По сценариям Мережко вообще поставлены десятки картин, по сценариям Шпаликова — едва ли десяток. Правда, киноведы чаще говорят про кинематограф Шпаликова как про нечто, существующее совершенно отдельно. Но Мережко — профессионал, который при всех обстоятельствах жив и работает.
Сверстница Инны Гулой Светлана Светличная не сыграла столько главных ролей, как Инна (знаменитой ее сделали роли поскромнее или даже эпизоды, как в “Бриллиантовой руке”). Но вот недавно снялась она (в свои семьдесят два года) у знаменитого иностранного режиссера — и сидела на премьере в мини-юбке. Как мне было не вспомнить Инну Гулую?
Во времена, когда стойкие мустанги превратились уже почти в анахронизм, сидел я за ресторанным столиком со Шпаликовым и Никитой Михалковым — и не мог не заметить, с каким почтением, как младший к старшему, как артист к своему драматургу, относится ставший к тем временам знаменитым Никита к Гене.
По-моему, Никита еще не снял ни “Рабы любви”, ни “Родни” (по сценарию Мережко), но чего-то уже снял — и отличался от того Никиты, каким я увидел его на Московском кинофестивале дай бог вспомнить какого года. Не шестьдесят пятого ли? Точно помню, что приезжала на тот фестиваль Софи Лорен. Поскольку сотрудник нашего отдела в АПН Марк Татаринов (тот самый, что столько огорчения мне доставил правкой моей корреспонденции с фестиваля в Ленинграде) познакомил меня с Карлом Понти — ткнул в живот растерявшегося от такой наглости Понти и кивнул мне: “Знакомься, Сашка. Это Карл Понти — продюсер”. Это дает мне теперь повод называть Софи Лорен женой одного моего знакомого. Тем более что фотограф АПН Валера Шустов сделал снимок: “Софи Лорен среди журналистов”, и один из окружавших ее журналистов — я.

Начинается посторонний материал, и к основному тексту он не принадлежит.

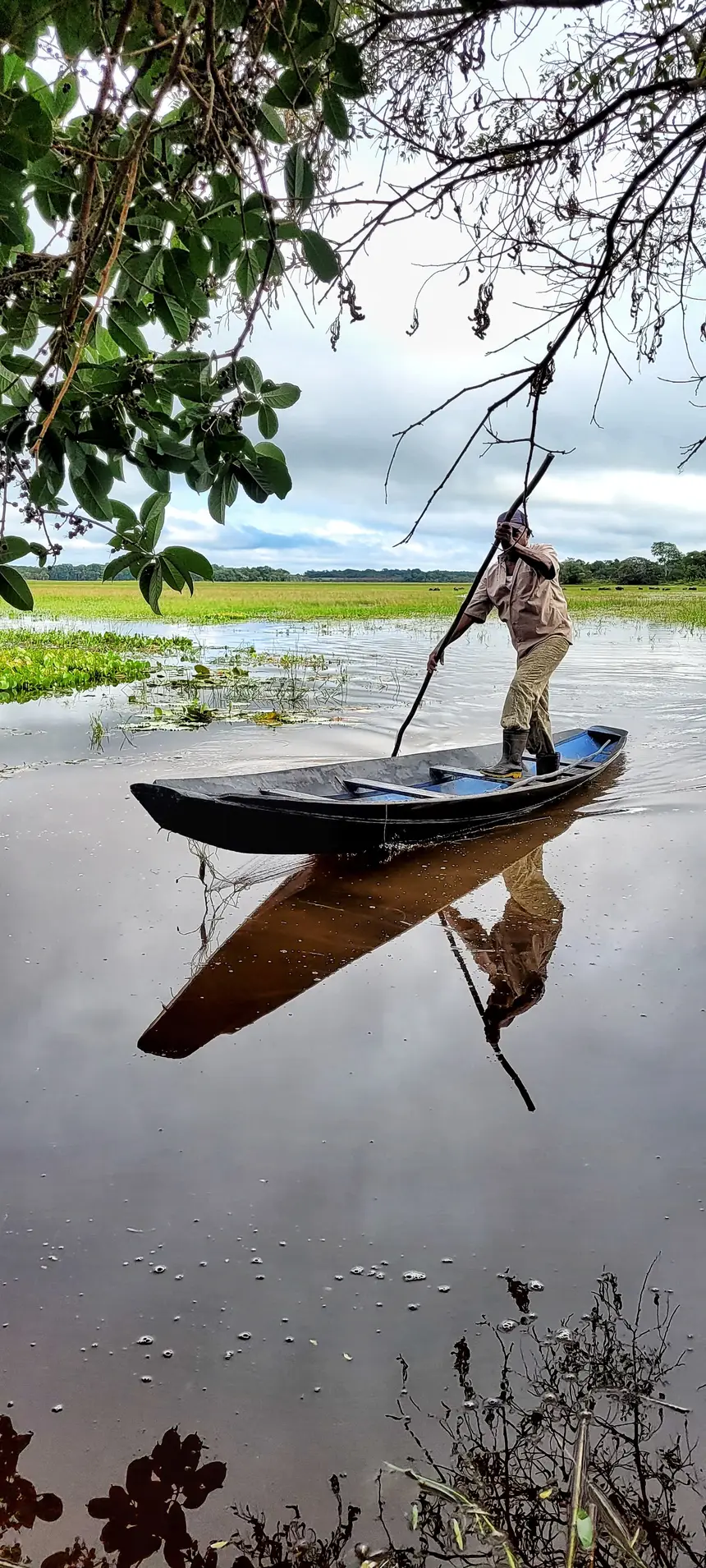  <div class='credito_fotos'>Foto: Jorge Júnior/GEA   |   <a href='/midias/2025/originais/20251106143302-GF00016651-F00208654.webp' download><i class='fa-solid fa-download'></i> Download</a></div>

Но все, конечно, впечатления от Московского фестиваля меркли перед пресс-баром, работавшим на седьмом этаже гостиницы “Москва” до четырех утра. Не понимаю, как после ежедневного присутствия в баре до самого закрытия мне удавалось утром на службе сочинять заметки в наш “Вестник союзной информации”. Когда удивляешься теперь ощутимо пошатнувшемуся здоровью, как не вспомнить — правда, почти не с кем стало вспоминать — героические посиделки на седьмом этаже.
И ведь седьмым этажом не ограничивалось.
Продолжения следовали.
Однажды наш разъезд после закрытия фестивального бара напомнил один из первых опытов нового искусства — кинематографа: короткометражный фильм “Политый поливальщик”. Не помню уж, как мой друг (и в ту пору начальник) Авдеенко раздобыл в пятом часу утра возле гостиницы “Москва” шланг, из которого захотел помыть свою машину. Алкогольное опьянение отчасти помешало его первоначальному замыслу, зато удалось облить всех нас, собравшихся с ним ехать дальше.
Приехали ко мне на Лаврушинский. Поднялись в квартиру поливальщик, я, знаменитая девушка Лена Окаемова… Возвращаясь к теме Шпаликова, вспомнил, что на дне рождения Максима Шостаковича она заговорила в какой-то связи про Гену, а Евтушенко посетовал: мол, какой-то он, Шпаликов, неосновательный. Лена возмутилась: как может человек в двадцать семь лет быть основательным, — но Евтушенко с нею не согласился, заявив, что двадцать семь лет — это уже серьезно; самому Евтушенко тогда было, по моим подсчетам, тридцать.
С единственной в нашей компании дамой, Леной, я варил на кухне кофе. А потом, когда несли мы с ней кофе в комнату, обратил внимание, что входная дверь не заперта. Я выглянул на всякий случай за дверь — и увидел, что на нижних ступеньках лестницы к пролету второго этажа (я жил на третьем) сидят Савва Ямщиков с Никитой Михалковым — и пьют вино из своей бутылки.
Я позвал их наверх, гадая, почему они остались на лестнице. Сейчас понимаю, что ехали они в другой машине, вошли в подъезд позднее — и, не заметив спьяну, что дверь ко мне не заперта (не прикрыта плотно), не знали и куда идти. Позвони Савва с Никитой в пять утра не в ту квартиру, выгнали бы их вообще на улицу из подъезда. А интуицией Шпаликова, так блестяще проявленной им в новосибирских Черемушках, они не обладали, им надо было знать адрес определенно.
Савва бывал у меня потом на Лаврушинском, а Никиту я не видел до новой встречи в ресторане. Он меня не узнал, и Гена познакомил нас снова.